Egyptian controversy over proposed Islamic bonds law

Egyptians work at the Cairo stock exchange. FILE | NATION MEDIA GROUP 

The approval of a controversial draft law allowing the issuance of Islamic bonds, commonly known as sukuk, has rekindled debate in Egypt over whether it contradicts Islamic law.

According to Egypt's state-run daily al-Ahram, the bill was approved Tuesday night by the Shura Council, the country's temporary legislature.

Three months ago, the cabinet approved a law regulating sukuk dealings but it was rejected by the country's prestigious religious institution Al-Azhar over concerns that the new financial system might allow foreigners to own key state assets as well as suspicions about its fixed interests that are not allowed in Islam.

Sheikh Yousef al-Badri, a member of the Supreme Council of Islamic Affairs, told news agency Xinhua that when the sukuk law is introduced, "most, if not all, Muslim scholars would stand against it given its possible violation of Sharia (Islamic law)."

Sheikh Badri added that if sukuk is similar to government bonds, which in nature is trade of debts, it is forbidden in Islam.

"When a sukuk owner offers it for lending, he expects a profit without doing anything. So, it is rather usury than trade," the Muslim cleric said, stressing that since the law was approved without consultation with Al-Azhar, it was not "purely Islamic" as its supporters claimed.

Hamdy Abdel-Azim, economics professor at Sadat Academy and Cairo University, expressed optimism that sukuk could revive Egypt's economy as it might raise at least $9 billion in the first year.

"Jeddah's Islamic Bank offered to buy $6 billion worth of Egyptian sukuk while Qatar said it will buy some $3 billion dollars worth of it," Prof Abdel-Azim told Xinhua.


If such transactions with Arab banks and corporations go well, the new system is expected to bring Egypt $15 billion in the first year, he added.

The economist said that sukuk was beneficial for the Egyptian economy running short of cash to boost investment or stimulate growth.

Prof Abdel-Azim reaffirmed that all the comments of Al-Azhar were considered before the approval of the bill. "The sukuk law does not allow selling, mortgaging or privatizing key state-owned properties, which was the top concern of Al-Azhar."

As for the fixed interests that could be referred to as "usury," Prof Abdel-Azim said the new law took it into account and would allow the profits of sukuk to float to avoid contradiction with Sharia.

"In addition, a monitoring commission of Muslim scholars and Islamic economists will be formed by the cabinet and approved by the president to make sure that sukuk dealings conform with Sharia," he said, noting that Egypt's ex-mufti Nasr Farid Wasel will be one of its leading members.

The don also pointed out that under the new law, the maximum term for sukuk ownership is 12 years and the bonds must be redeemed.

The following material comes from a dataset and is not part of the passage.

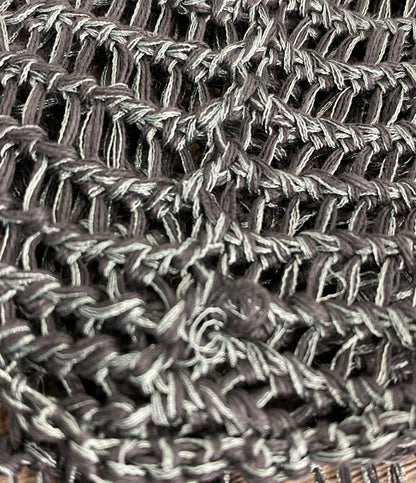 anthema アンセム エー ハイネックメッシュカーディガン メンズ SIZE 1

Ibrahim Abdullah, economics professor with the al-Azhar University and the American University in Cairo, said that there was no problem about the sukuk project but the problem was about how it would be carried out.

"There is a conflict inside the Shura Council due to concerns over the possibility of giving up state-owned properties to pay back for sukuk," said Abdullah, who has attended discussions at the Shura Council as an expert.

He recommended that the profits rather than the properties should be the pay-back guarantees for sukuk, arguing that if the government sold sukuk of state assets and was unable to pay back the debt, it might have to let go of the assets to the bond holders.

"The condition for the success of the sukuk system is that it must be separated from the state-owned assets and their surroundings, such as the Suez Canal, because they belong to Egypt's past, present and future generations," he said.

Prof Abdullah lamented that the Shura Council approved the sukuk law without referring to Al-Azhar's Senior Scholars Authority for approval.

"If the law is approved by the president with such blemishes, faithful and honest people will certainly appeal against its constitutionality," Prof Abdullah said.

Some members of Al-Azhar's Senior Scholars Authority also criticized the Shura Council for not consulting Al-Azhar before approving the sukuk law, saying that the establishment of the monitoring commission is a transgression against Al-Azhar.